My presentation is about "computational composition" and mobile phone networks. The main way that I've been making use of this in my classes is with Twitter, so I'll talk some about that. Honestly I've never been fond of the "look what I did in my class" genre though that gesture seems to be necessary in the CCCC proposal. Really I'm more interested in talking about how the tropes of computation, mobile tech, and networking reshape the increasingly dated conversation about multimedia/multimodal comp. As I suggested in my last post about NCTE's 21st century writing (and could equally be said for the WPA Council's technology plank in it's FYC outcomes or what gets mentioned in MLA's recent report on the undergrad major), I think something significant happens when you put composition through that turn.

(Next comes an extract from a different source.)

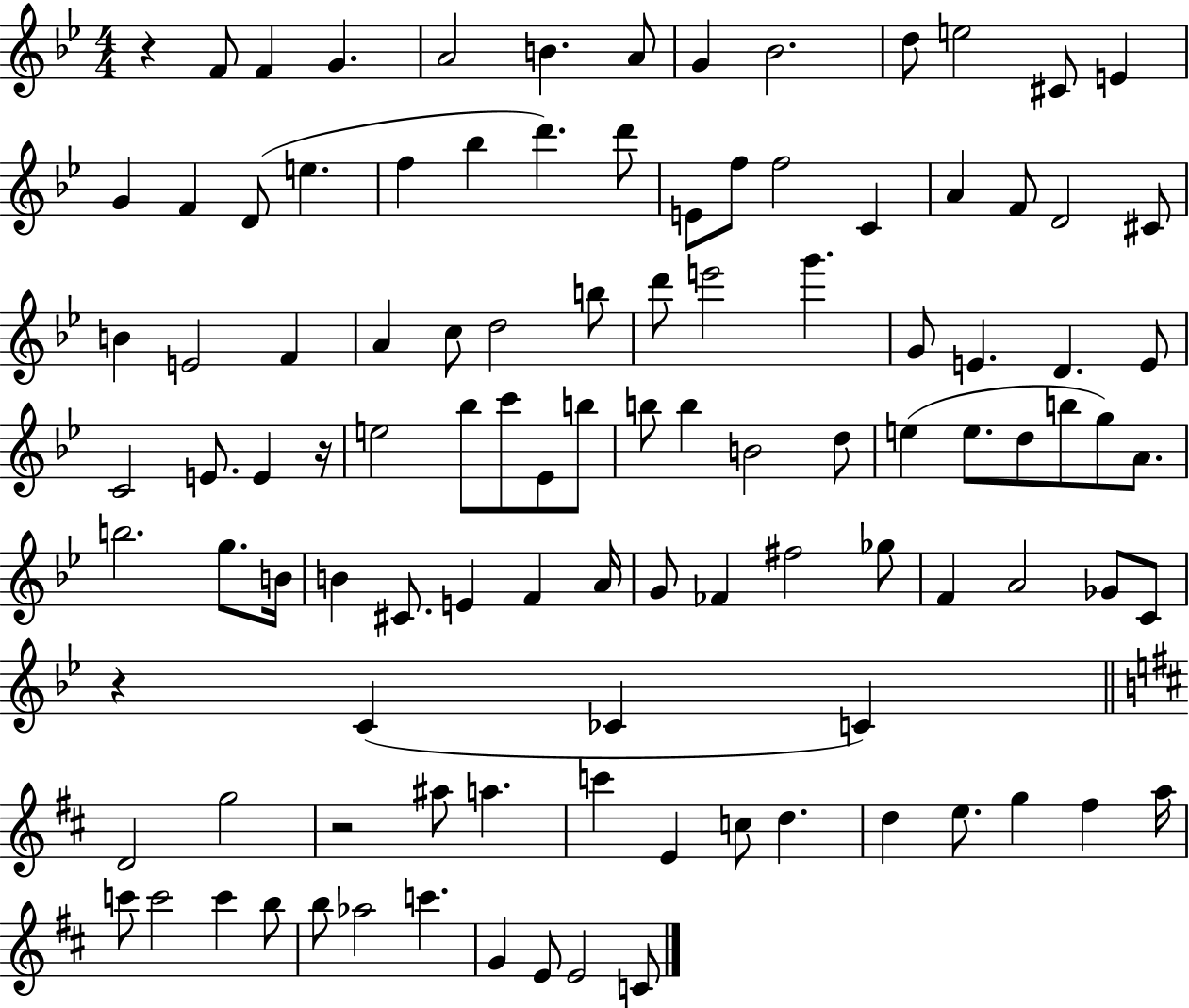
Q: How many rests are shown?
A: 4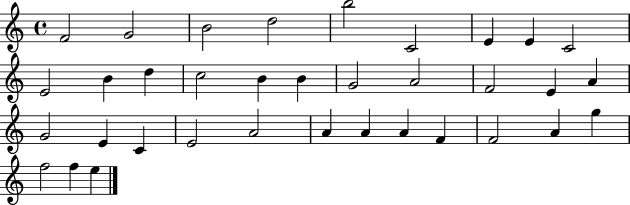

[side note: I've had some exchanges about the usefulness of the word "composition" and the desire for another term or maybe a proliferation of terms with no fixed identity. I would hope to estrange composition but perhaps that's not likely.]
Anyway, I've got three angles on this turn. There is the material aspect of the computational perspective that asks us to consider the hardware and software at work in compositional processes. Obviously all digital compositions proceed through computation. These computations are largely automated: steadying your camera, cropping photos, audio effects, compression algorithms. It's the intelligence of the network at work there. But we can extend farther than that to think about searching, findability, and usability as all shaped by computational factors. Certainly mobile technologies play into this equation.
Second is the notion of a participation literacy, which Trebor Scholz talks about. Kevin Lim and I were discussing this the other day at the SLN conference. This is quite different from the visual/multimedia literacy that we often mention. Mobile technology is an integral part of the lived experience of networked participation. My students used their phones on a voluntary basis with twitter, so I will bring in some discussion of how this worked in my class. But really I'm wondering what it might mean to see composition as a participatory activity in which students are at least partly/optionally engaged through mobile tech.
Third is a retun to computation but more as a metaphor, as the lens through which we increasingly see ourselves and our culture. Obviously there are negative/critical things to mention here. One can see this in Hayles and others (though certainly that is not all Hayles is doing). However rather than simply decrying the idea of computation, one can also see the potential for deterritorialization here… the way that "computational" estranges composition.
Anyway more on this later, but that's a rough sketch.